# Good non-camo Outdoor/hunting pant



## nickpan (May 6, 2008)

I’ve always been a blue Levi’s kind a guy for any hunting other than bow hunting. Getting older and hate getting wet and staying wet (I guess they do say cotton kills you know....)

Looking for a pant that would be a good elk/deer rifle hunting pant. Also could be an upland pant. 

What do you guys like out there? I hate playing the $$$$$ name brand game (Sitka, juju, flatbrims, etc) but open to hear what you like!


Sent from my iPhone using Tapatalk


----------



## SCS_Bg_Hunter (Oct 27, 2019)

My favorites are the xkg ridge pants from Kings, not cheap by any stretch but there are extremely comfortable and durable. 










XKG Ridge Pant


The XKG Ridge Pant is designed for performance, comfort, and durability and is the highest performing lightweight pant in our XKG Series. With four-way stretch polyester, water resistant treatment, and superior breathability, we built this pant to be a highly functional piece during every phase...




www.kingscamo.com


----------



## flyfisher20 (Aug 5, 2011)

Kings XKG Preacher pants. You can get them in camo or solid colors. 


Sent from my iPhone using Tapatalk


----------



## High Desert Elk (Aug 21, 2012)

I used a pair of the Black Ovis Cottonwood Creek pants last winter on a cow elk hunt. 6" of wet heavy snow the day before and made the shot in a prone position. Zero leak through and stayed dry at a fraction of the cost.


----------



## backcountry (May 19, 2016)

I bought a pair of Cabela's Instinct Stalking pants about 4-5 years ago and they have been great. They are what I wear everyday while backpack or day hunting. They are also my go to for upland game which can often include a fair amount of off trail bush whacking. They still look new despite plenty of field days.
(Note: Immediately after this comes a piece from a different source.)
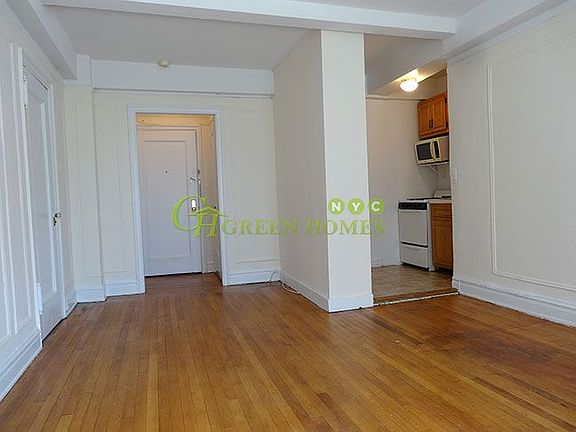 4th image of 455 W 34th St APT 4B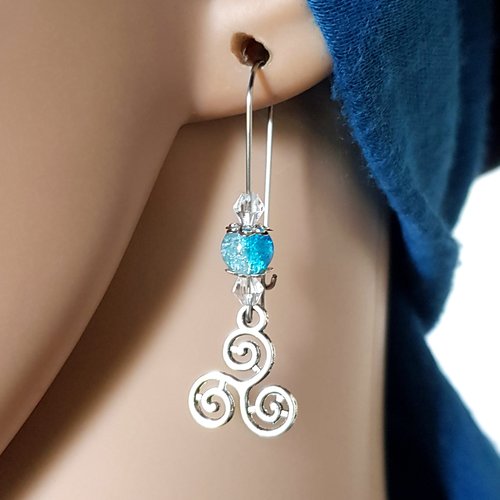 Boucle d'oreille triskell spiral, perles en verre bleu transparente, crochet en métal acier inoxydable argenté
The kevlar knees have been great and a feature I often look for. They do have some spandex in them which can be an issue for moisture but I find it's time as long as it's below 10%. Definitely keep an eye out any "stretch" designs because much above 10% and the pants can become sponges if the underbrush is really damp.

Cabela's turns over their designs way too often so I have no clue if they are still in production or can be found in a bargain cave. Wish I had bought two pair but I don't have a Cabela's near me.


----------



## Vanilla (Dec 11, 2009)

Kuiu Attack pants are my favorite pant I’ve ever worn. Hunting or not, they are the king for me. The make them in many solid colors if you don’t want camo.

If you’re looking for a warmer pant, the Guide pants are good too, but they get pretty warm for me unless it’s pretty cold out.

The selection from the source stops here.